Pour rappel, ce site Internet permettait jusqu’alors aux internautes « d’exprimer des appréciations libres sur leurs enseignants et leurs établissements. » Les élèves se voyaient donc proposer de noter leurs enseignants.
Plusieurs plaintes de syndicats d’enseignants et de parents d’élèves avaient été déposées à l’encontre de ce site.
Ces syndicats estimaient en effet que ce site, en plus de violer la vie privée des enseignants, ne participait pas à l’amélioration des relations entre les professeurs et leurs élèves.
Ainsi, pour la FCPE, « ce site est l’anti-thèse de l’éducation et de la citoyenneté puisqu’il est fondé sur la délation, le dénigrement et l’irrespect. »
Cette décision prise en référée est donc unanimement saluée par les plaignants.
Le tribunal considère en effet que “l’exercice des libertés d’information et d’expression a pour limites qu’il ne porte atteinte aux activités d’enseignement”.

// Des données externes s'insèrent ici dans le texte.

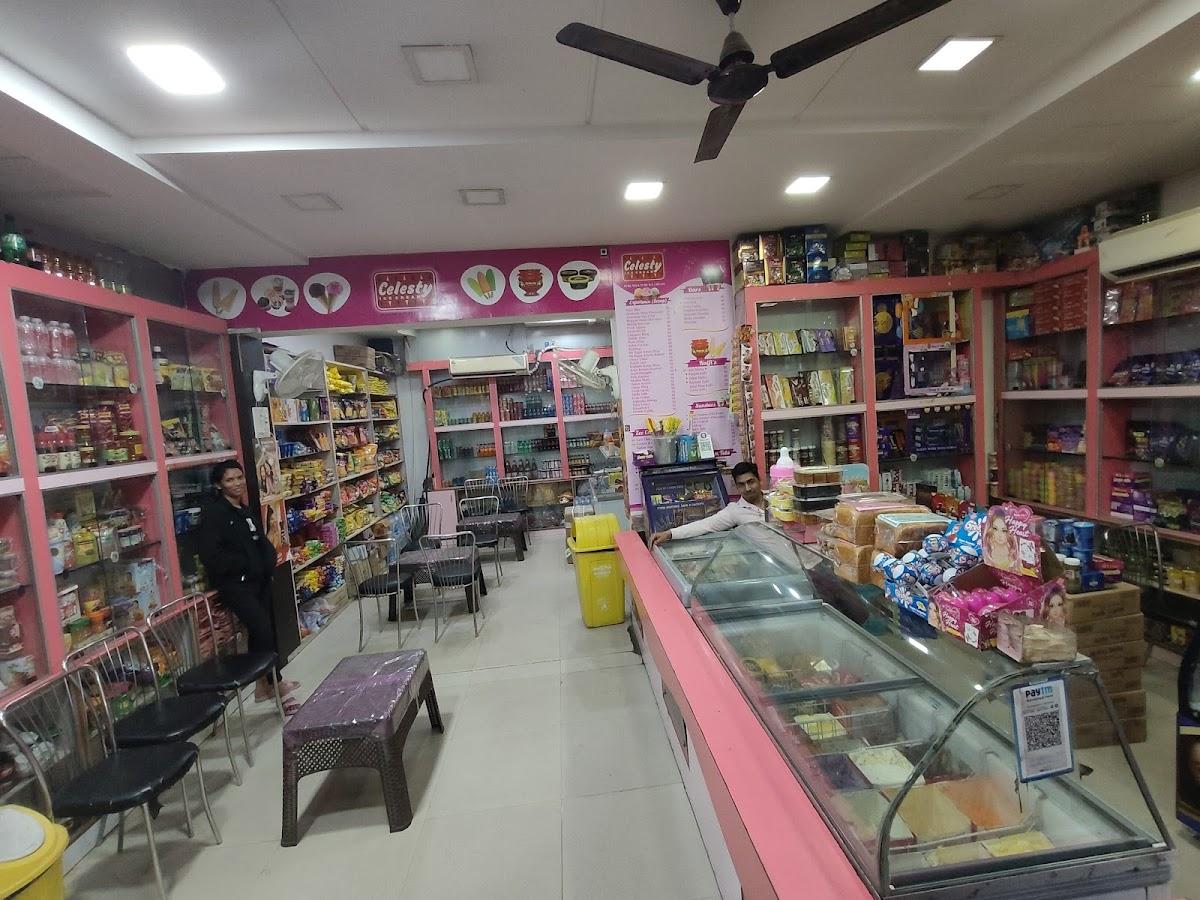 Om Ice Cream Parlour and Fast Foods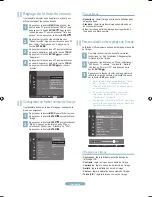 Preview for 20 page of Samsung LN32A550P3F Quick Setup Manual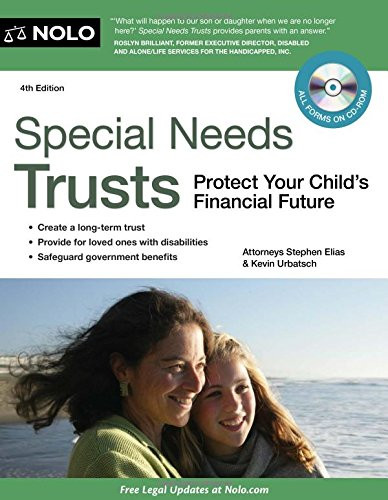 Special Needs Trusts: Protect Your Child's Financial Future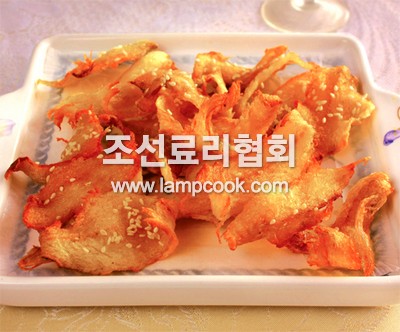 명태포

Dans un communiqué sur le site de son ministère, le ministre de l’Éducation nationale, « a pris acte avec satisfaction de cette décision du tribunal des référés ». Le ministre a, de plus, réaffirmé, tout comme les syndicats d’enseignants durant l’instance, qu’il revient aux inspecteurs et aux chefs d’établissements, dûment habilités à cet effet, d’évaluer les enseignants. Enfin, Xavier Darcos,-a également réaffirmé son soutien aux enseignants « dont la mission difficile ne saurait faire l’objet d’atteintes anonymes sur Internet ».
Cette décision constitue donc une première victoire pour les syndicats d’enseignants. Il appartient, en effet, au tribunal de grande instance de se prononcer sur le sort de ce site et d’aller au delà des simples mesures provisoires ordonnées par le tribunal des référées.
Les dirigeants du site controversé ont, quant à eux, exprimé leur intention de faire appel de cette décision.